Movement ---- the constant movement of mbuna can bring a "lazy" CA tank to life. IMO, can make shy fish feel more comfortable. As a subordinate to larger CA, they are very good at keeping out of the way and keeping their distance. Swim away from the boss when they have to and swim right back to their territory.


----------



## StillaZilla (Aug 22, 2008)

I have a 6" p. carbo, bumblebee mbuna, in my 300L with an oscar parrot cichlid and many convicts. Oscar is never bothered, and the parrot and bumblebee are always challenging each other, but the real bosses are the convicts. But overall a very co-operative tank.
ph is 6.8, water is hard.


----------



## clgkag (Mar 22, 2008)

I agree that each has to research and try this out on their own. Each fish has its own personality and what works for one, doesn't for another. If you are using wildcaught fish, I don't think you could keep them all together. Tank raised or farm raised and I believe you will be fine. I do think you need a larger aquarium. Several fish, both new world and old world, that you have selected will eventually grow too large for a 48 x 12 aquarium. Imagine your self trying to live in a 6 ft tall by 2 foot square room for life. Sure you could do it, but would you like it and thrive?

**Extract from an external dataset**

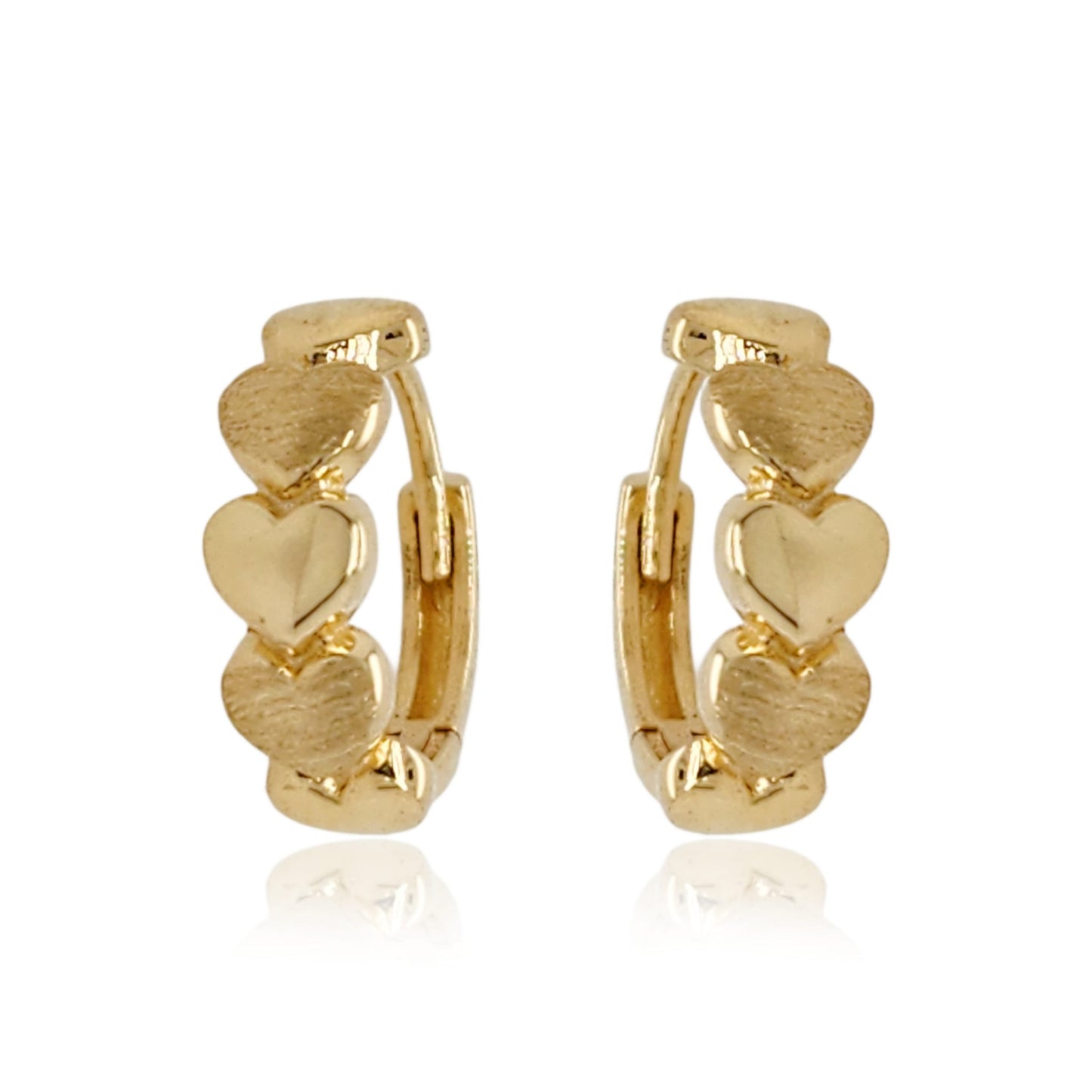 Gold Small Round Brushed and Shiny Hearts Hoop Earrings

Start with all small fish know some will grow faster than others and some will be adult faster than others. Be prepared to step up to a 125 or larger in a year to 18 months. Good luck and let us know how it goes, especially with pics.


----------



## Fisherman89 (Dec 3, 2008)

I was just throwing that list out of what I like and the ones i know of. I Did Purchase fish i think below this post is the list of Fish i ended up purchasing. I tried to stay away from the big south americans. I had to get a Venustus I think they are cool fish. All the fish I got are small. How long will my tank be big enough. With the list of Fish I have (see signature below). How big of a Tank would I need to Accommodate them all. The Only other Fish I acctually want to get besides the ones i already have. Is Frontosa


----------



## bernie comeau (Feb 19, 2007)

You now have a predominantly Malawian tank ( with exception of the pleco, thick skinned victorian and possibly your unknown purple fish, though chances are it's a Malawian as well). You would be best to post in the Malawi section, stating your tank size and a list of all your new fish, and see what recomendations can be made as far as adding fish and time line before a larger tank may become nessesary.


----------



## Fisherman89 (Dec 3, 2008)

Thanks will do.


----------



## TheFishGuy (Apr 21, 2005)

I can tell you you may potentially have a problem with the venustus and the kenyi. Especially if either turn out to be male. They could potentially go on killing sprees....


----------



## trimac (Mar 27, 2003)

Most of these fish are not from the wild so PH doesn't even matter. As long as aggression and size are similar you will be okay-I have had my Americans with the following:
Buttikefori
Hap. Comp.
Hap. Livingstoni
Hap. Polystigma
some of the Americans I had with them were
Large Pikes
Oscars
even a Black Belt.


----------



## trimac (Mar 27, 2003)

Personally, I would do a non aggressive large predatory mixed tank:
Oscar 
Pike 
Snook
Hap. Comp
Hap. Livingstoni
T. Chromis
would be sweet but you need atleast a 125 gallon probably larger!
I have a Red Oscar, P. Bass, Ornate Bichir, and a CK in my 240 and they do fine.


----------